Álvaro Peña Flores
El dos mil veintidós se nos fue como el agua entre los dedos, parece que fue ayer cuando que asumimos los compromisos, retos y propósitos de mejorar algún aspecto de nuestra vida, acciones que, a la vista, solo duraron la víspera y el día. Hoy, a las puertas de que se termine este año, tenemos ya nuevamente una lista de nuevos propósitos. Seguramente encabezarán la lista los mismos de siempre: empezar la dieta, comenzar a hacer ejercicio, desarrollar el hábito de la lectura y así una serie de intenciones buenamente fundamentadas, que creemos nos ayudarán a mejorar nuestros días.

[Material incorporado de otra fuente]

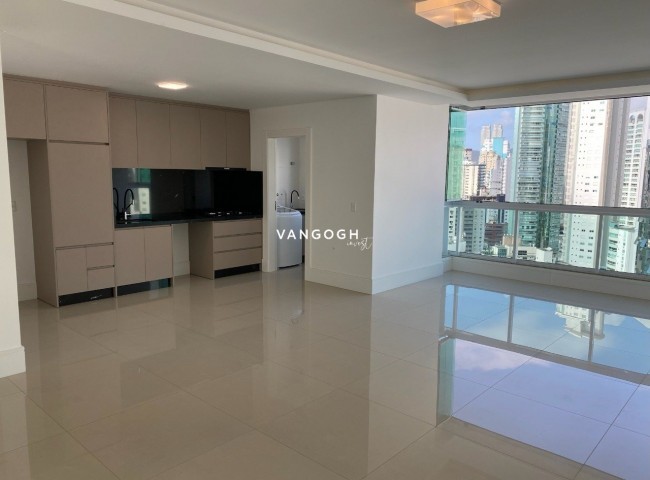 Apartamento 3 dormitórios San Carlo Residence, Centro - Balneário Camboriú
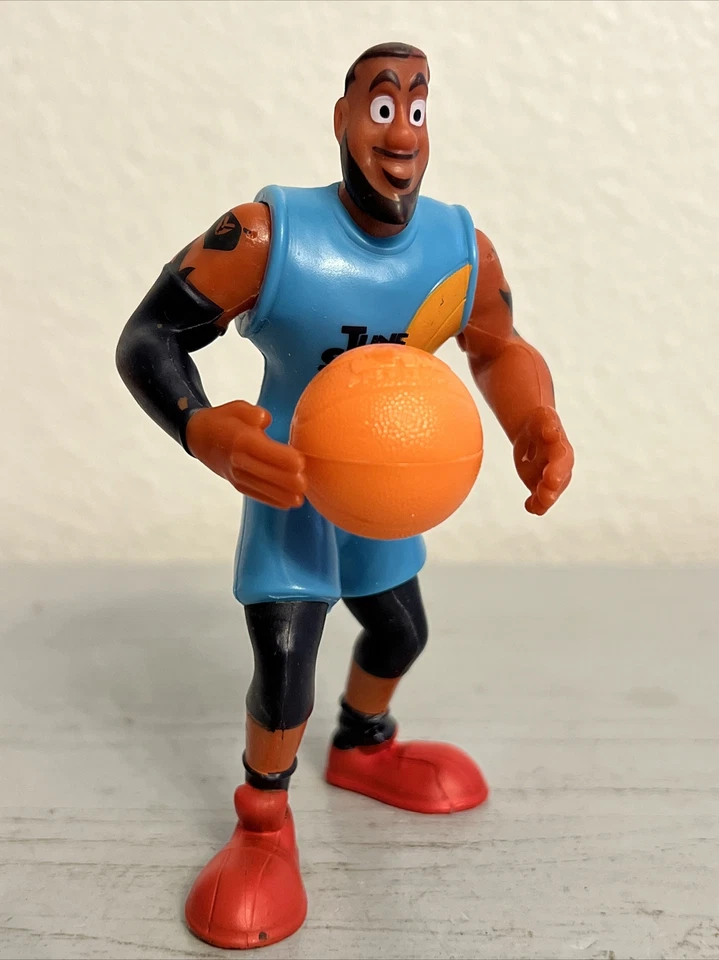 "FIGURA DE ACCIÓN SPACE JAM TUNE SQUAD MICHAEL JORDAN CON PELOTA 4,5"" MCDONALDS JUGUETE" Foto 2 de 4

Creo que es hora de desechar los antiguos propósitos y sumemos a nuestras vidas propósitos de valía, aquellos que se perdieron en el transcurso de la vida y de la evolución de la sociedad. Me refiero específicamente a tres. La empatía: qué difícil es entender al otro cuando no nos ponemos en sus zapatos y no entendemos el sufrimiento de la historia ajena. Por eso juzgamos sin pensar y actuamos como centros del universo. La responsabilidad: un bien que se ha perdido sin clemencia. Asumir las consecuencias de nuestros actos cotidianos, relacionados con la familia, el trabajo y la sociedad. Actuar pensando que lo que hacemos genera impacto; este año en el ámbito político elegiremos a nuestras autoridades, creo que es la mejor ocasión para reivindicarnos. Y, por último, la humanidad: ese aspecto que nos diferencia de los demás seres vivos, pensar y actuar sabiendo que el prójimo es otro yo y que merece el mismo valor y respecto que nosotros mismos.
Todo propósito de año nuevo, independientemente del tipo que sea, tiene un sentido profundamente bueno, siempre y cuando nos ayude a crecer y a mejorar este bárbaro matadero. Siendo empáticos, responsables y humanos nos vemos más bonitos, aunque sea gorditos.